# [WORK INSTRUCTION]
Reproduce every line of the material below, but drop the pictures.

# [DATASET RECORDS]
--*--

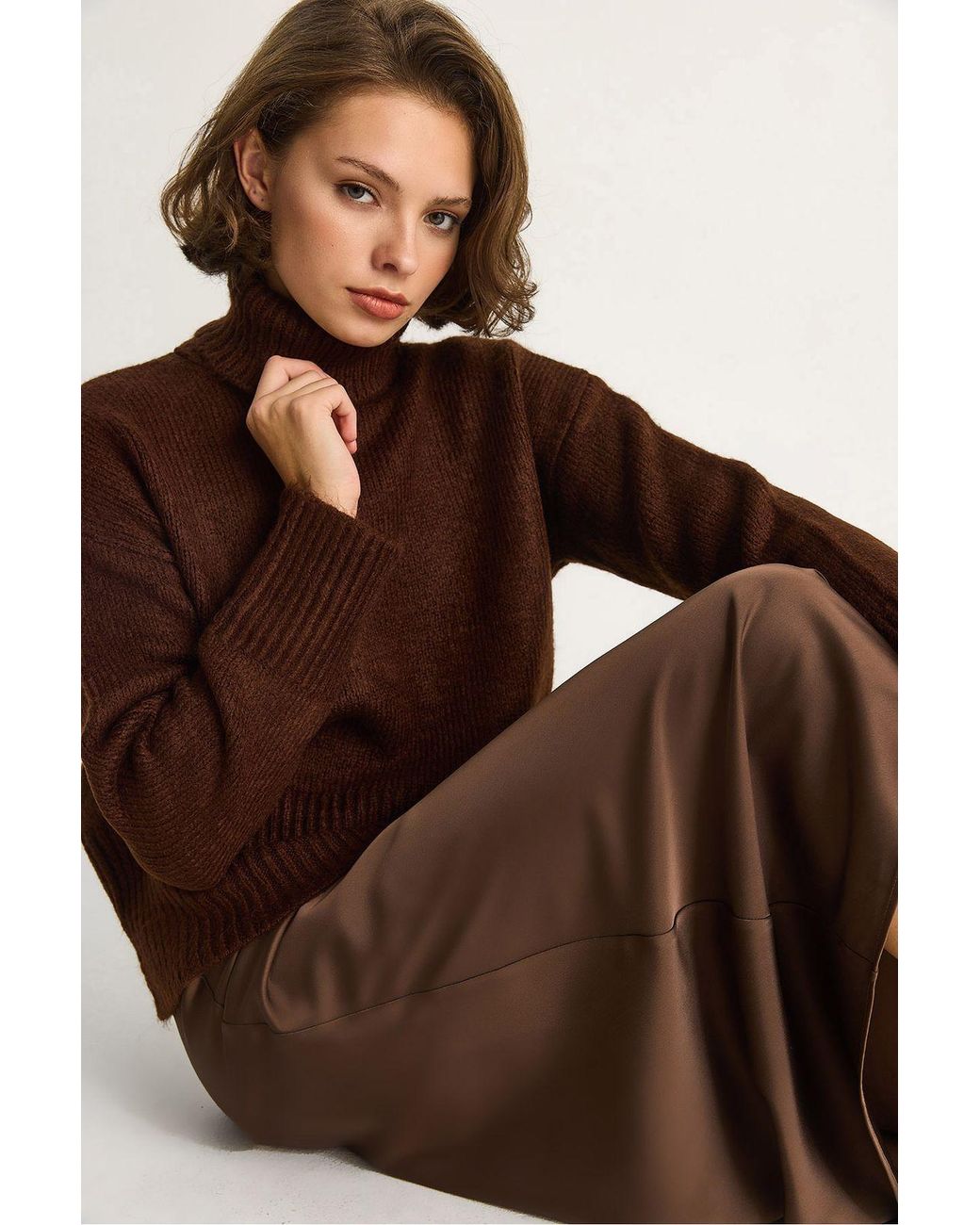 Bianco Lucci Brown Oversized Knit Turtleneck Sweater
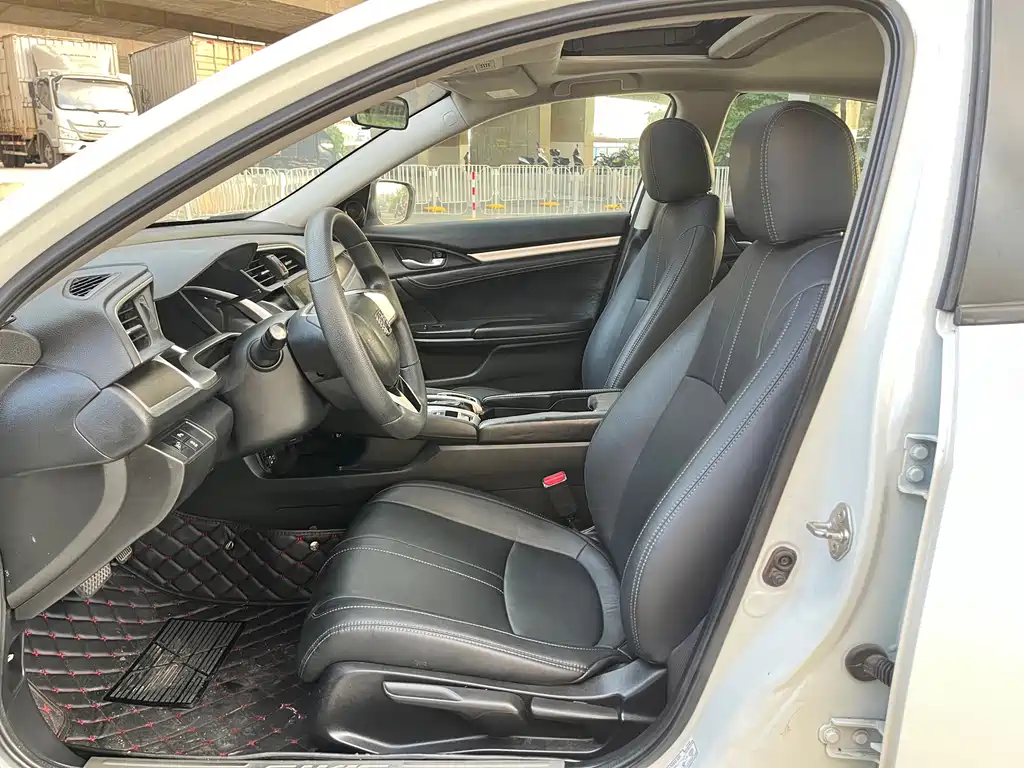 Honda Civic — миниатюра 7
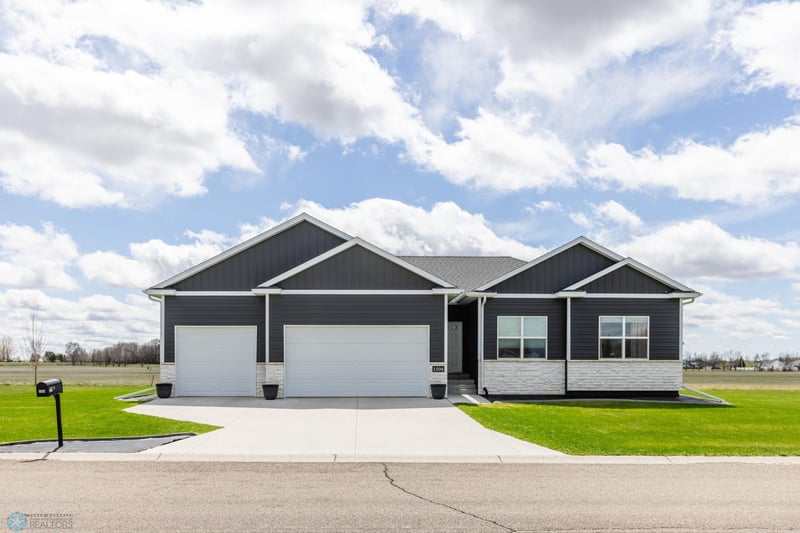 1504 2 Ave SE, Barnesville, MN 56514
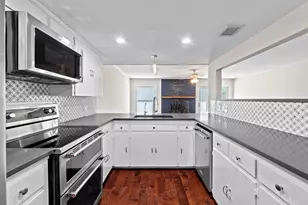 3966 Far W Blvd, Austin, TX 78731 - Photo 15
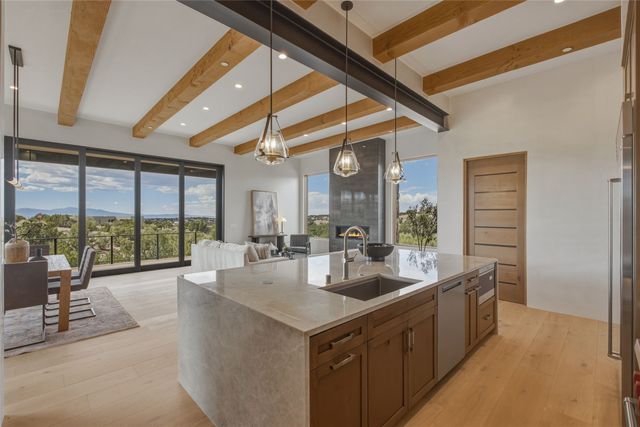 2 Vista Del Cielo, Santa Fe, NM 87506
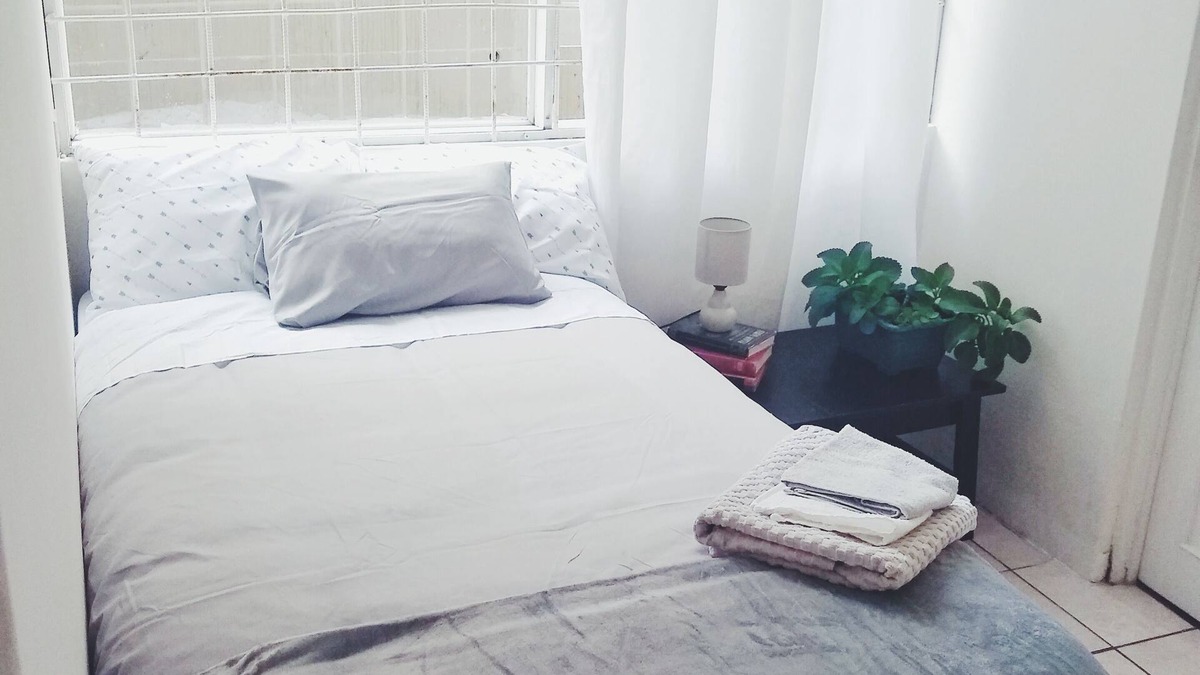 San Jose Apartment | Minimalist Room SAN JOSE + WALK to DOWNTOWN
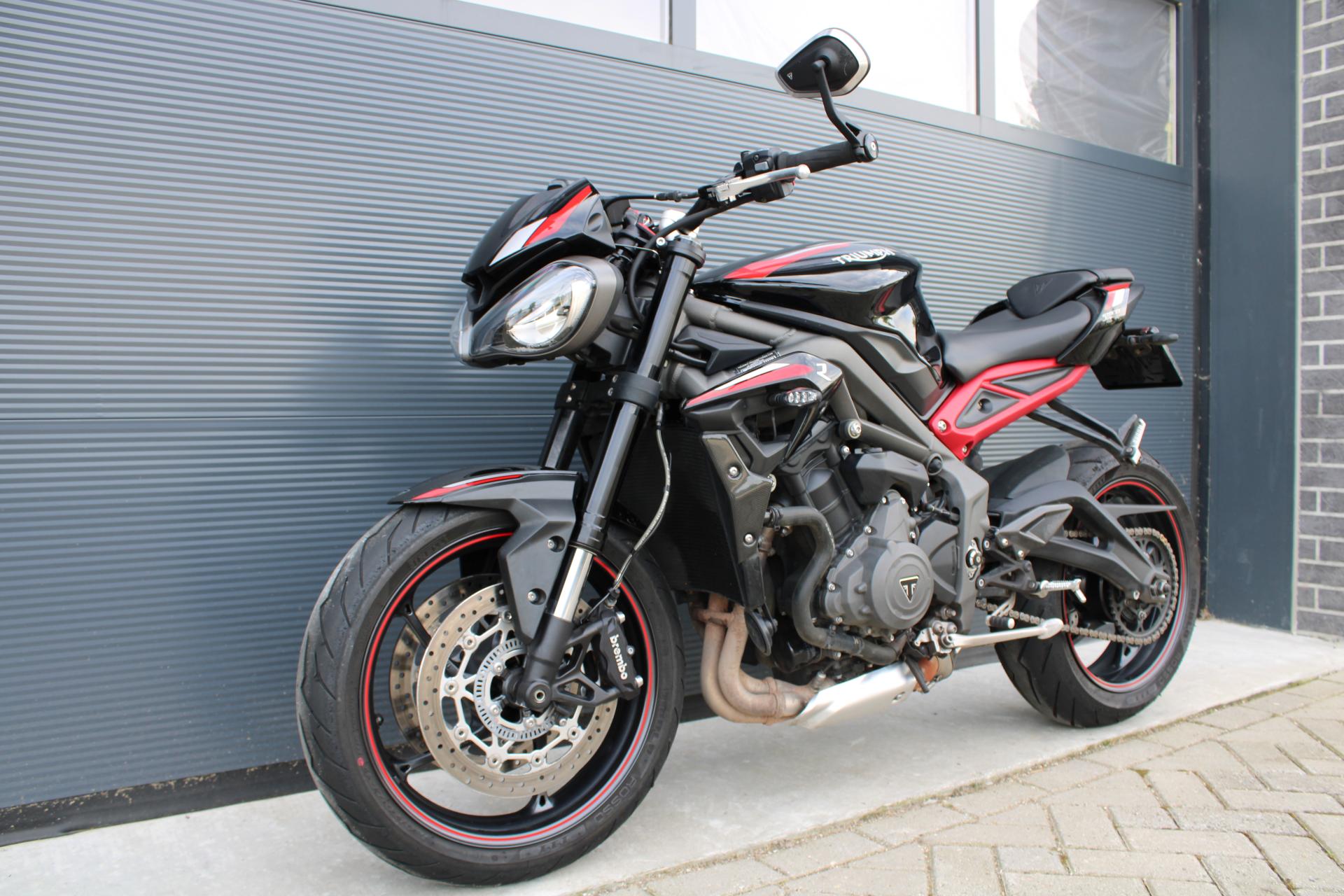 Triumph Street triple R - 2021 (1)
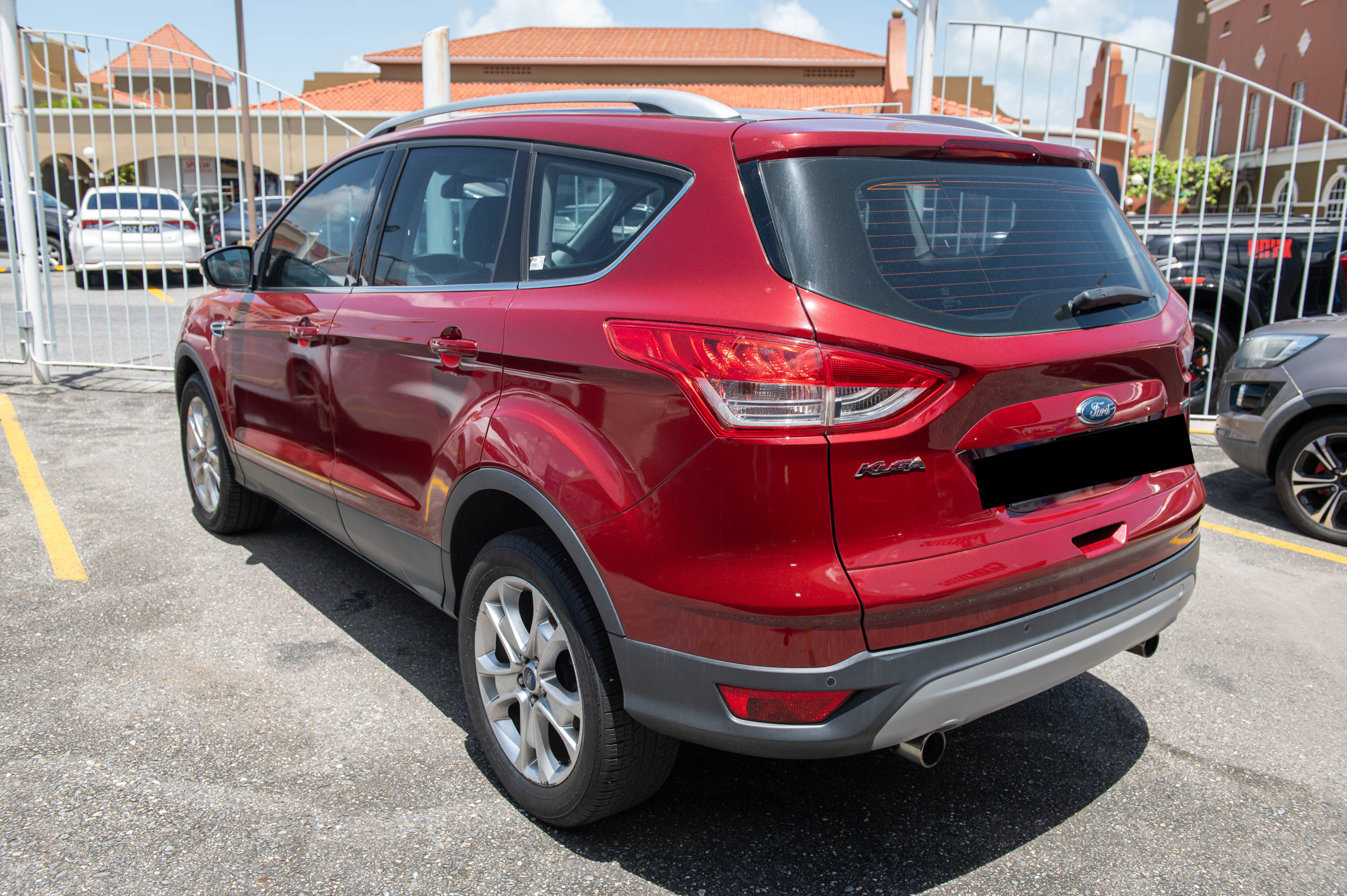 PDM 2016 Red Ford Kuga Titanium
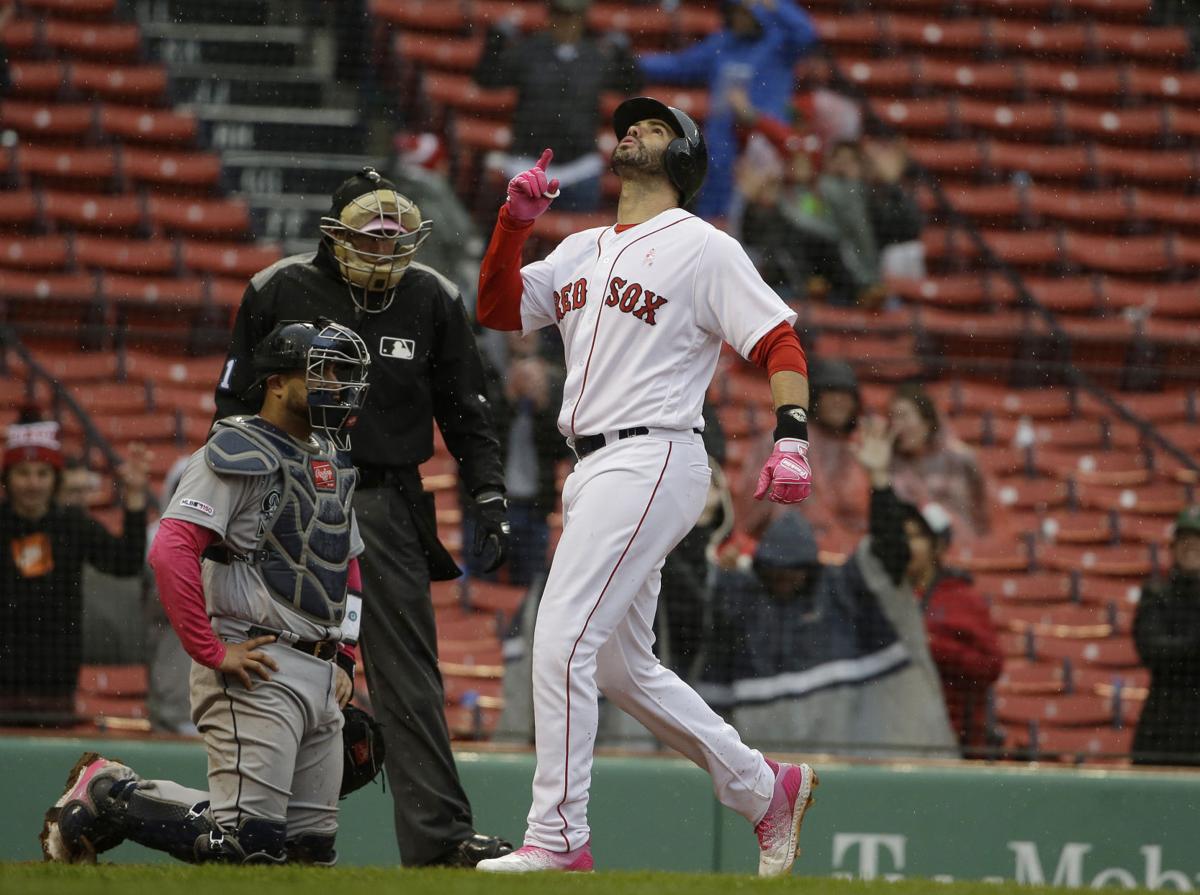 Jon Lester helps Red Sox complete sweep of Royals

--*--

# [TASK ANSWER]
 Bianco Lucci Brown Oversized Knit Turtleneck Sweater
 Honda Civic — миниатюра 7
 1504 2 Ave SE, Barnesville, MN 56514
 3966 Far W Blvd, Austin, TX 78731 - Photo 15
 2 Vista Del Cielo, Santa Fe, NM 87506
 San Jose Apartment | Minimalist Room SAN JOSE + WALK to DOWNTOWN
 Triumph Street triple R - 2021 (1)
 PDM 2016 Red Ford Kuga Titanium
 Jon Lester helps Red Sox complete sweep of Royals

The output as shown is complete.